** Task details **
Only the lines from the one containing "झापाका किसान धान" through the end of the entries should be returned, exactly as they are, with the pictures omitted.

** Dataset entries **
══════════════════════════════

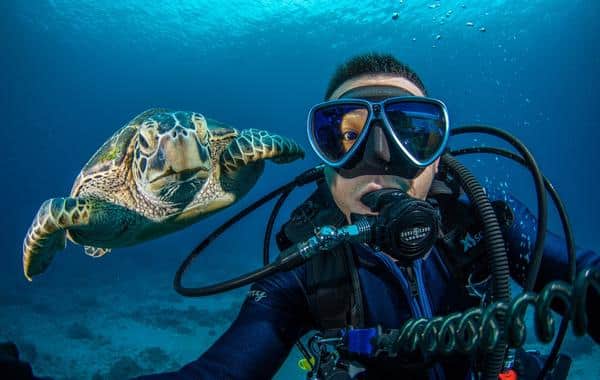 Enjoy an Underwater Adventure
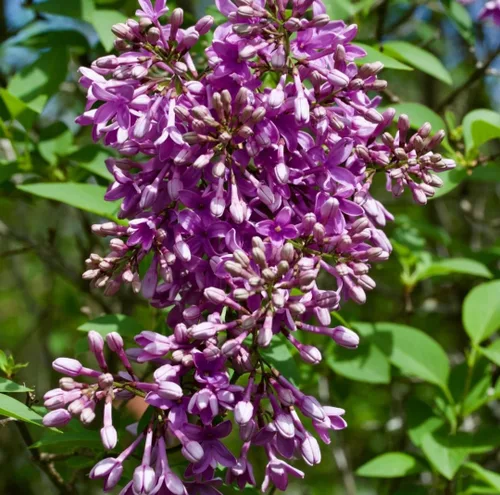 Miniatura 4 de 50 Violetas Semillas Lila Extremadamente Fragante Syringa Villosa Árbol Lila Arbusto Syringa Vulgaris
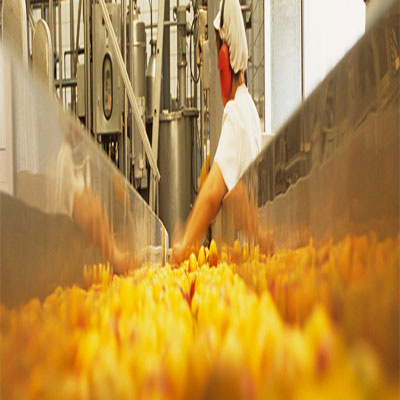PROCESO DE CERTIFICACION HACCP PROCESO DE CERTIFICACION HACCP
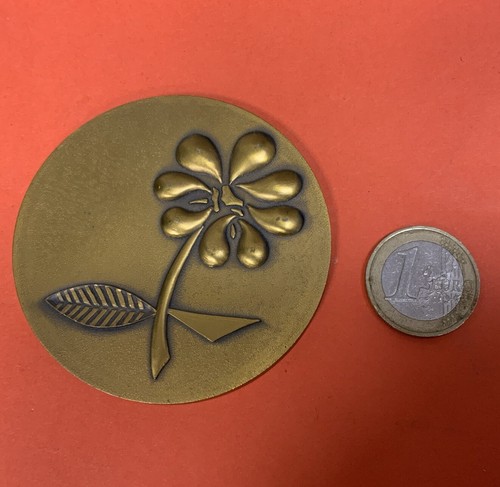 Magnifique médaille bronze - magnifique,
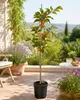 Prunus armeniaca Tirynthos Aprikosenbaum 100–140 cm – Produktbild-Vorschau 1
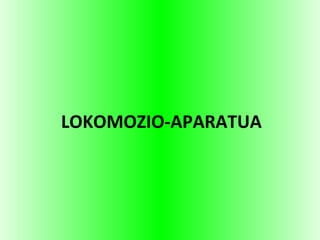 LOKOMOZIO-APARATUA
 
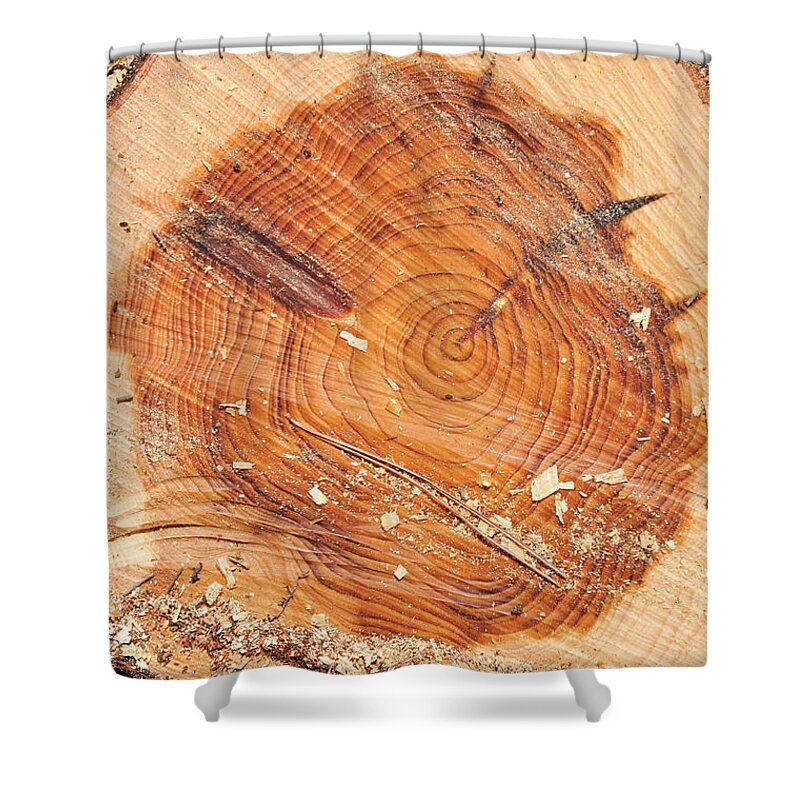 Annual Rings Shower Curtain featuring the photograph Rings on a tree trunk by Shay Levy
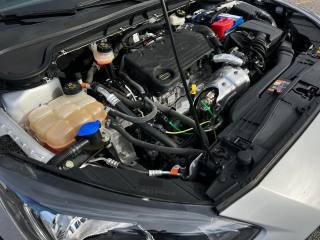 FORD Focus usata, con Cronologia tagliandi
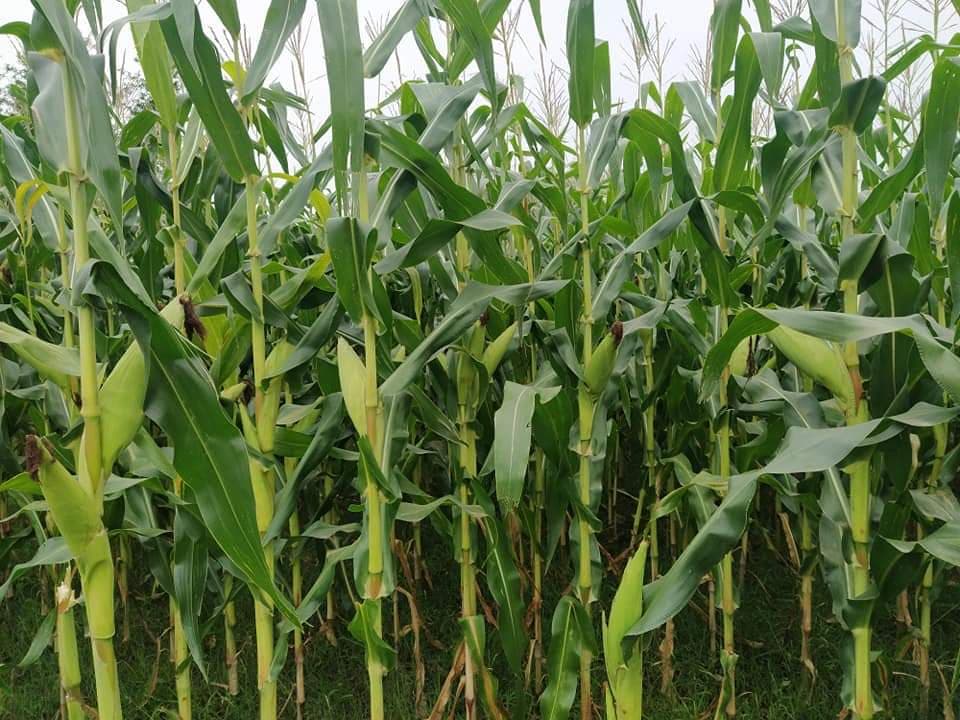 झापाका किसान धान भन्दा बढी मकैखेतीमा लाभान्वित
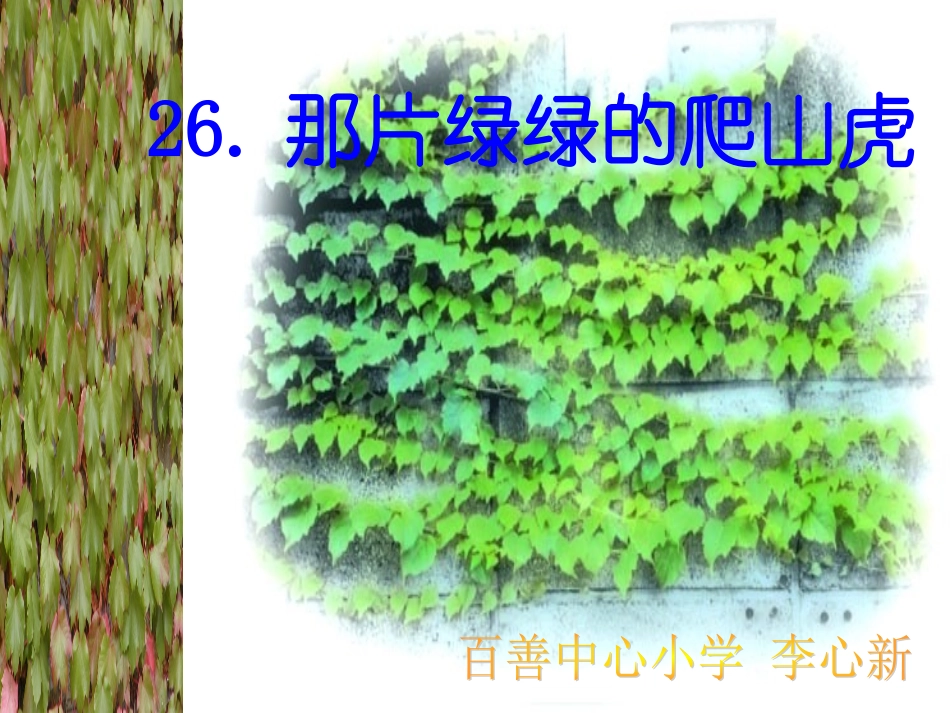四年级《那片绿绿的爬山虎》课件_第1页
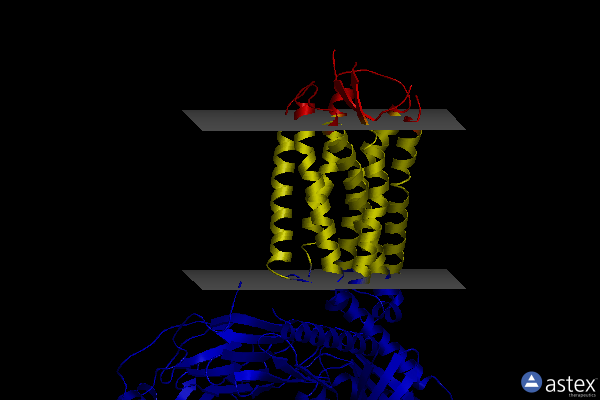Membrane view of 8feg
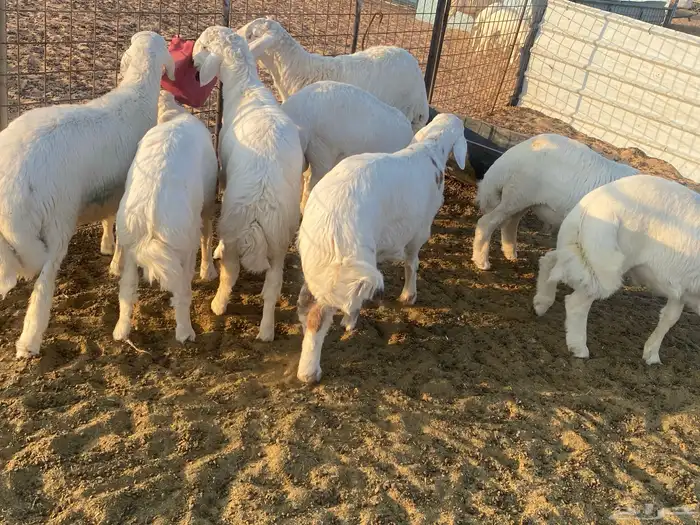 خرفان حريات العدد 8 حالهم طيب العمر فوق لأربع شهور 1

══════════════════════════════

** Solution for this task **
 झापाका किसान धान भन्दा बढी मकैखेतीमा लाभान्वित
四年级《那片绿绿的爬山虎》课件_第1页
Membrane view of 8feg
 خرفان حريات العدد 8 حالهم طيب العمر فوق لأربع شهور 1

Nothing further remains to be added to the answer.